======== Data to examine ========

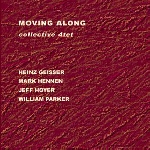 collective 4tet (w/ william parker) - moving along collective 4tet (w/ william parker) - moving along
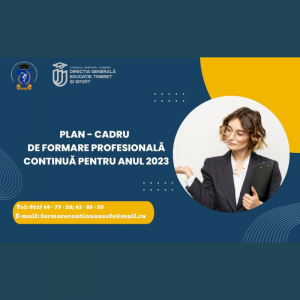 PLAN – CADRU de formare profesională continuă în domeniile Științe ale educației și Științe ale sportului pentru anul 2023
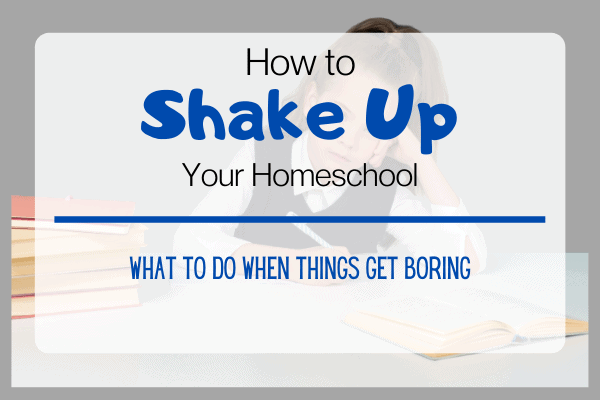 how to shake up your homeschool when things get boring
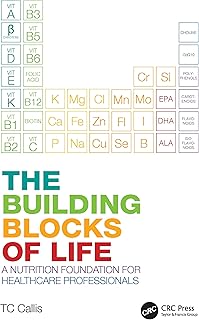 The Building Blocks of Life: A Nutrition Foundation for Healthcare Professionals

========
======== Data to examine ========

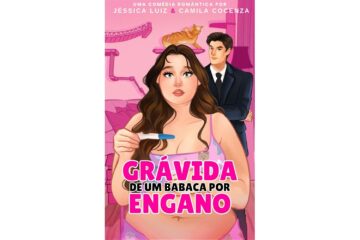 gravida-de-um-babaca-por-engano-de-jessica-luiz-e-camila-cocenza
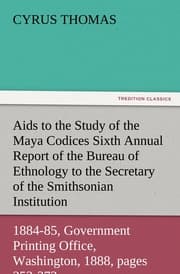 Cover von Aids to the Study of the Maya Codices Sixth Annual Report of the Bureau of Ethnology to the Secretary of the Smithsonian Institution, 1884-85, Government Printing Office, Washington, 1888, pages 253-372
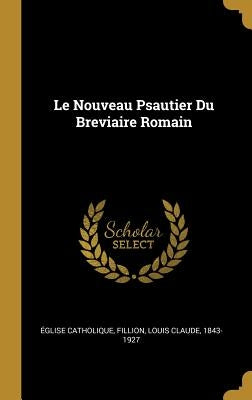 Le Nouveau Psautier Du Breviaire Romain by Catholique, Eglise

========

[Work order]: Return the material from the line containing "gravida-de-um-babaca-por-engano-de-jessica-luiz-e-camila-cocenza" through the line containing "Le Nouveau Psautier", exactly and in full, but without its pictures.

[Task answer]:
 gravida-de-um-babaca-por-engano-de-jessica-luiz-e-camila-cocenza
 Cover von Aids to the Study of the Maya Codices Sixth Annual Report of the Bureau of Ethnology to the Secretary of the Smithsonian Institution, 1884-85, Government Printing Office, Washington, 1888, pages 253-372
 Le Nouveau Psautier Du Breviaire Romain by Catholique, Eglise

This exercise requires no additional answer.